Coverage-centric Coreset Selection for High Pruning Rates

Code implementation for ICLR 2023 paper: Coverage-centric Coreset Selection for High Pruning Rates.

Coverage-centric Coreset Selection (CCS) is a one-shot coreset selection algorithm jointly considering overall data coverage upon a distribution as well as the importance of each example. Empirical evaluation in the paper demonstrates that CCS achieves better accuracy than previous SOTA methods at high pruning rates and comparable accuracy at low pruning rates.

image

More evaluation results and technical details see our paper.

Usage and Examples

You can use train.py to reproduce baselines and CCS on CIFAR10, CIFAR100, SVHN, and CINIC10. Here we use CIFAR10 as an example, the detailed training setting can be found in our paper.

Train classifiers with the entire dataset

This step is necessary to collect training dynamics for future coreset selection.

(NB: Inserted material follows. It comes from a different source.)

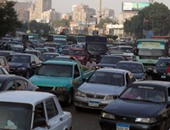 انتظام الحركة على طريق مصر إسكندرية بعد توقفها بسبب وجود كمية سولار على الطريق
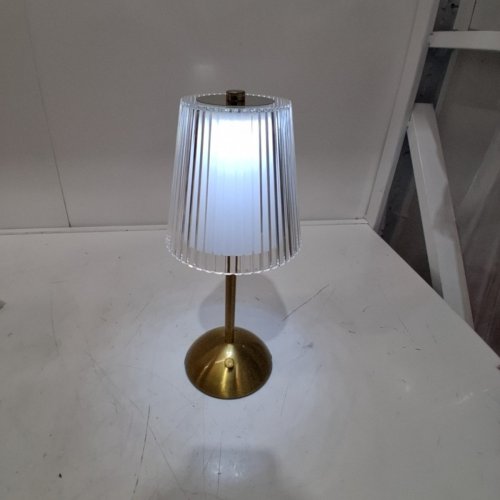 DIAMOND USB CHARGING TOUCH TABLE LAMP - GOLD image 3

python train.py --dataset cifar10 --gpuid 0 --epochs 200 --lr 0.1 --network resnet18 --batch-size 256 --task-name all-data --base-dir ./data-model/cifar10

Train classifiers with a coreset

Importance score calculation

Except random pruning, we need to first calcualte the different importance scores for coreset selection.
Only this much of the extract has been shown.